Illustration sans équivoque,
l'Organisation Maritime Internationale (OMI), organisme de l'ONU, est
convaincue que des attaques terroristes se servant de pétroliers
ou de cargos comme armes de destruction massive et visant les grands
ports vont avoir lieu, en particulier dans le Sud-Est asiatique.
Aussi, les titres des médias sont éloquents : "Guerre
sans fin contre le terrorisme", "Le front du terrorisme
s'étend", etc.
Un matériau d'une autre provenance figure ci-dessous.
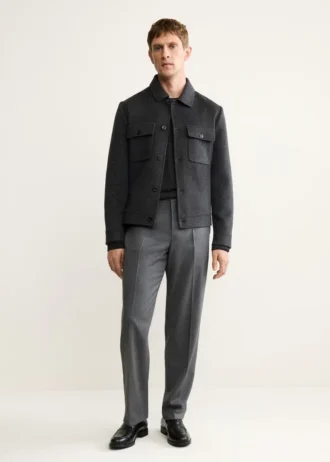 Ručně šitá vlněná bunda s kapsami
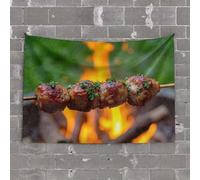Things for Boys Room Grilled Meatballs with Herbs Over an Open Flame Tapestry Tapestries Room Decor Funny Kitchen Decor(75X100CM)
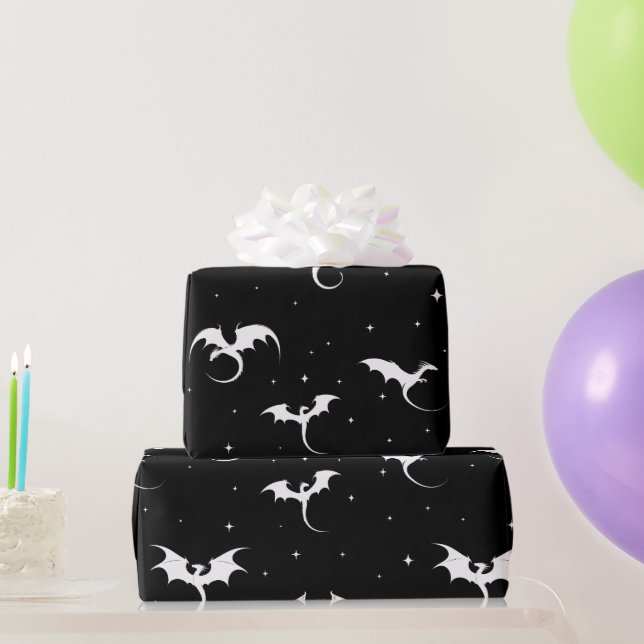 Flying dragons and stars on black background wrapping paper (Party Gifts)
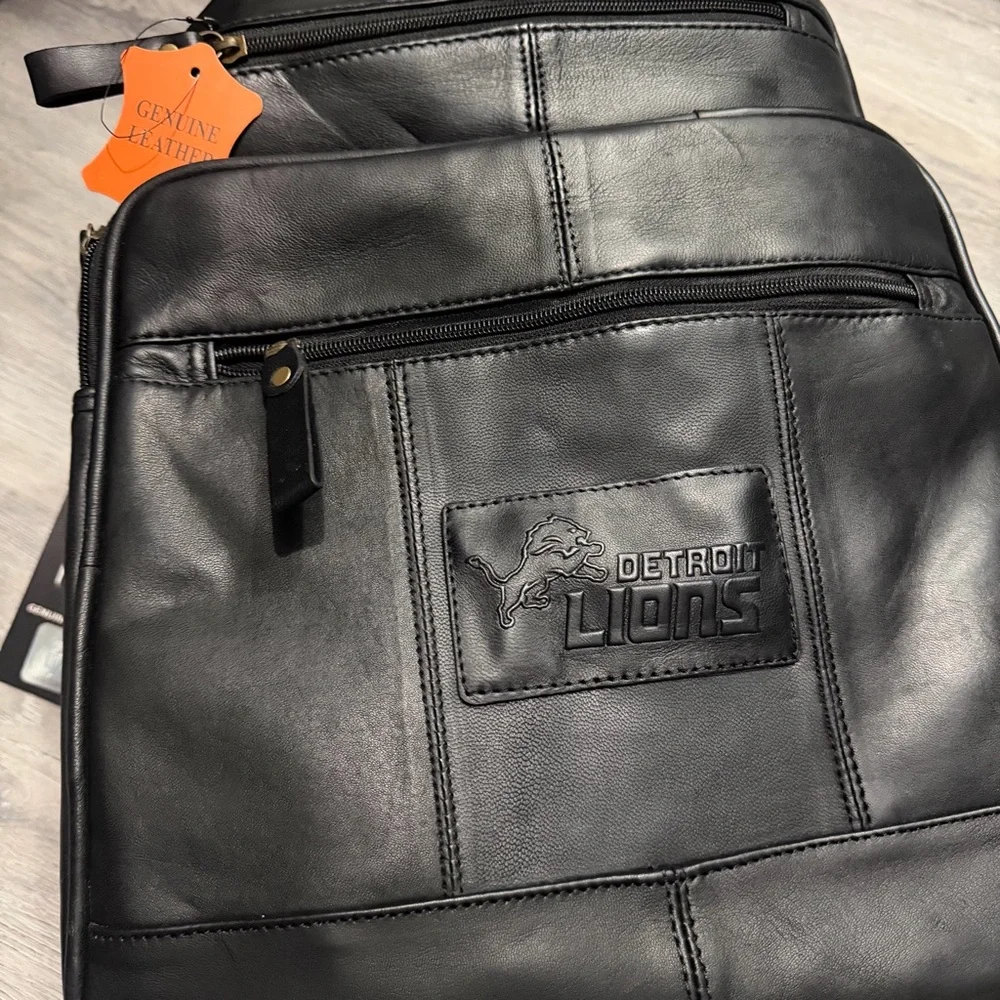 Detroit Lions Genuine Leather Black Backpack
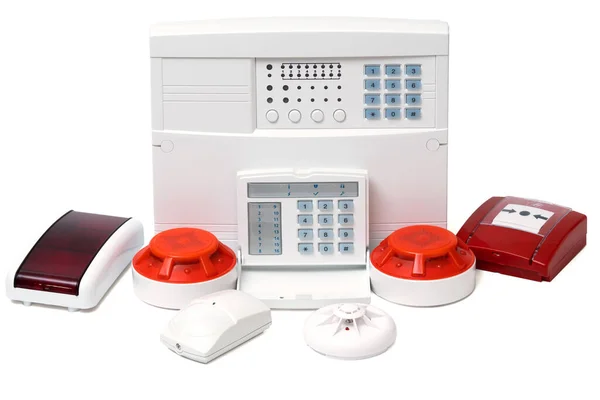 Fire Alarm Security Good Security Servise Engeniering Company Site Advertising — 图库照片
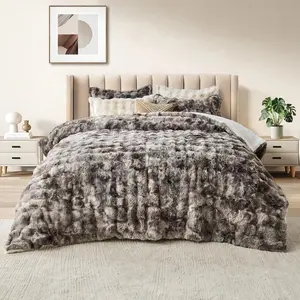 3 count Fluffy Faux   Comforter Set  Size Tie Dyed Grey Plush Fuzzy Bubble Comforter Bedding Set Warm Cozy Bedding Comforter Sets for Winter, 1 Comforter and 2 Pillowcases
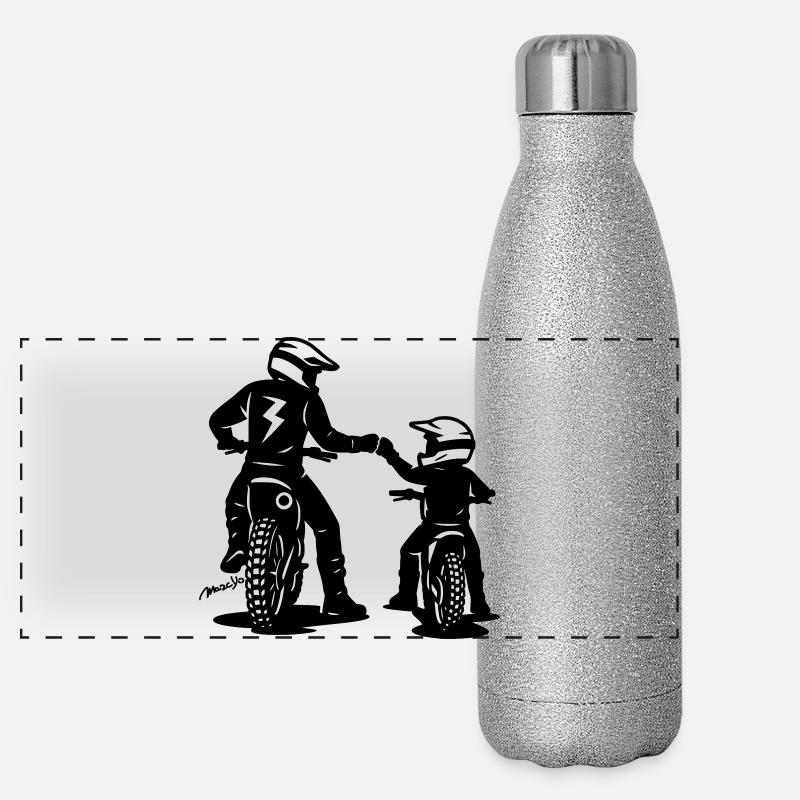Motocross father and son Panoramic Glitter Thermal Bottle 500 ml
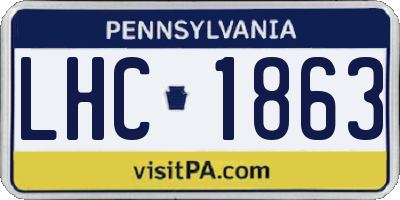 PA license plate LHC1863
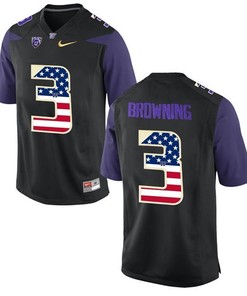 Male Washington Huskies Black Jake Browning NCAA Football Fashion Jersey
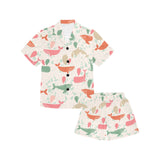 Cute whale pattern Kids' Boys' Girls' V-Neck Short Pajama Set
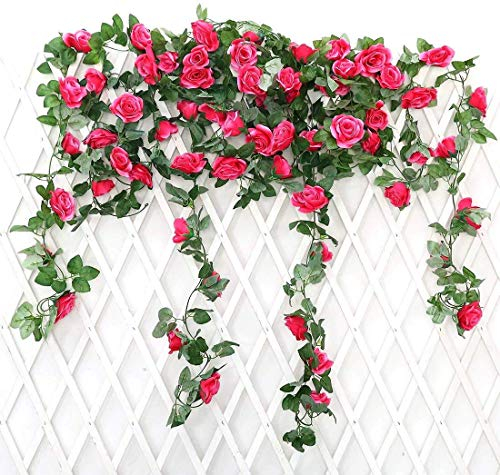 JUSTOYOU 2 Pack 7.2ft Künstliche Fake Rose Girlande Reben Hängende Seide Blumen für Outdoor Indoor Hochzeit Wand Badroom Dekoration (Rose Rot)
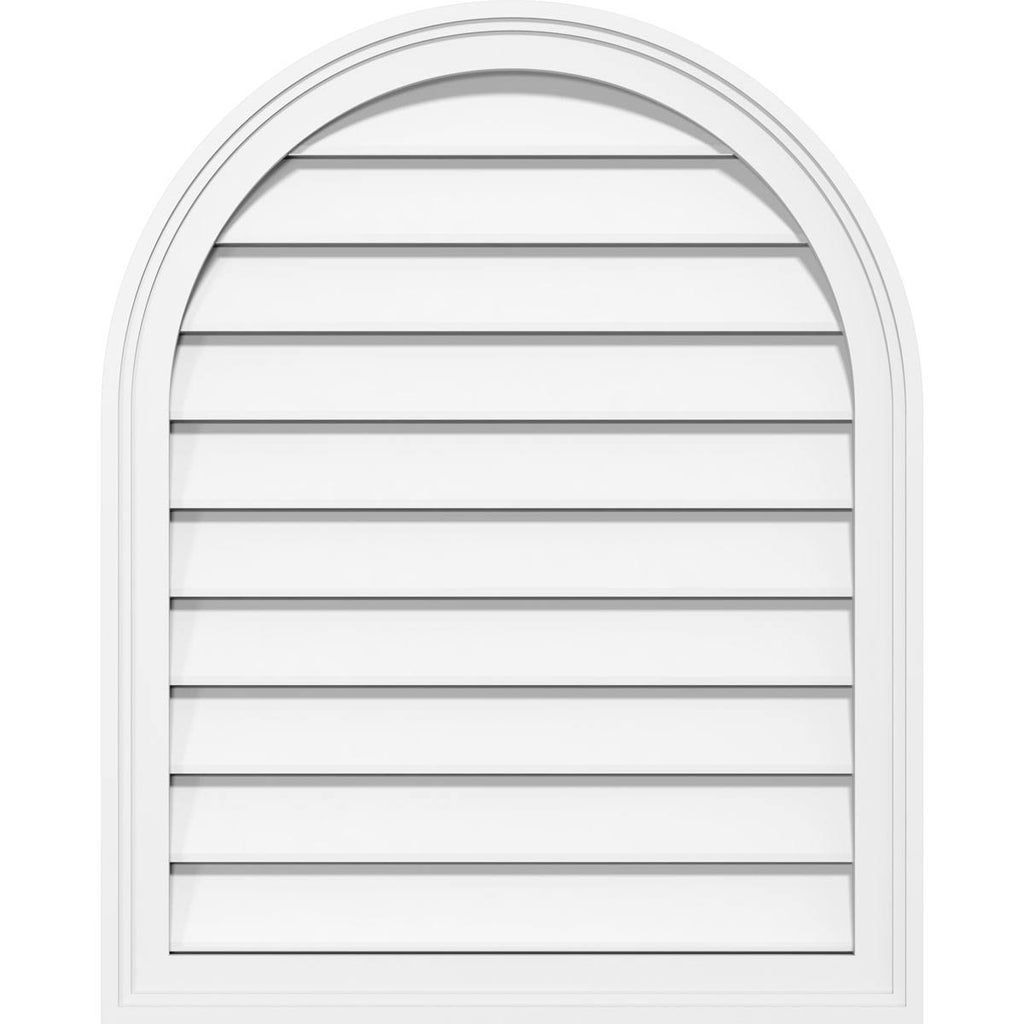 Round Top Surface Mount PVC Gable Vent with Brickmould V35025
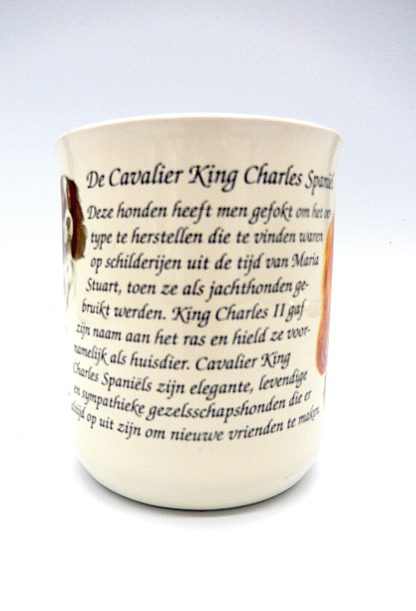 Beker met beschrijving van cavalier king charles spaniel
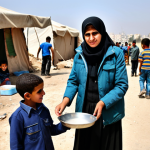 Gaza Humanitarian Aid**

"A fully clothed aid worker distributing food and water to a group of Palestinian children in a refugee camp in Gaza, modest clothing, appropriate attire, safe for work, depicting resilience and hope amidst hardship, dusty environment, tents in the background, perfect anatomy, natural proportions, professional photography, high quality, family-friendly, appropriate content."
Ils sont révélateurs de
l'inquiétude de la bourgeoisie des pays développés
devant la voie ouverte et annoncée par la "lutte contre
le terrorisme international" vers une plongée dans la
barbarie aggravée et dans le chaos le plus inextricable.
Le terrorisme, produit des tensions impérialistes
L'utilisation de l'arme terroriste n'est cependant
pas une nouveauté. Elle n'est d'ailleurs pas non plus
l'apanage de cliques religieuses incontrôlées. Elle fait
partie intégrante des moyens de la guerre entre Etats. Ce qui
est nouveau, c'est l'ampleur que ce phénomène a prise
ces dernières années et qu'il prend de façon
accélérée aujourd'hui. Ce sont les grands Etats,
et dans leur sillage les plus petits, qui ont multiplié les
rapports avec toutes sortes de groupes mafieux ou terroristes, ou les
deux à la fois, tant pour contrôler les trafics illégaux
que pour les utiliser comme moyens de pression contre les Etats
rivaux (voir Revue Internationale n°112). En atteste l'histoire
de l'ennemi public n°1, Ben Laden, qui a commencé sa
carrière de terroriste international comme agent de la CIA
dans la lutte des Etats-Unis contre l'URSS en Afghanistan dès
le début des années 1980.
Le développement du
terrorisme est ainsi une conséquence directe de la tendance
croissante à la violation de toutes les règles
minimales établies entre Etats. Comme nous l'écrivions
en 1990 dans la Revue Internationale n°62 dans nos "Thèses
sur la décomposition", la situation mondiale se
caractérise par "le développement du terrorisme,
des prises d'otage, comme moyens de la guerre entre Etats, au
détriment des lois que le capitalisme s'était données
par le passé pour réglementer les conflits entre
fractions de la classe dominante".
Les bourgeoisies
européennes rivales des Etats-Unis comme la France et
l'Allemagne se complaisent à épingler les erreurs
politico-stratégiques de la Maison Blanche, pour souligner
l'évidence actuelle de la politique guerrière à
outrance de Washington. C'est aussi un moyen pour elles de se
dédouaner des atrocités qu'elles ont à leur
actif au service de la défense de leurs propres intérêts
impérialistes (en Yougoslavie, au Rwanda pour la France en
particulier, etc.). Ainsi, si elles apparaissent moins "mouillées"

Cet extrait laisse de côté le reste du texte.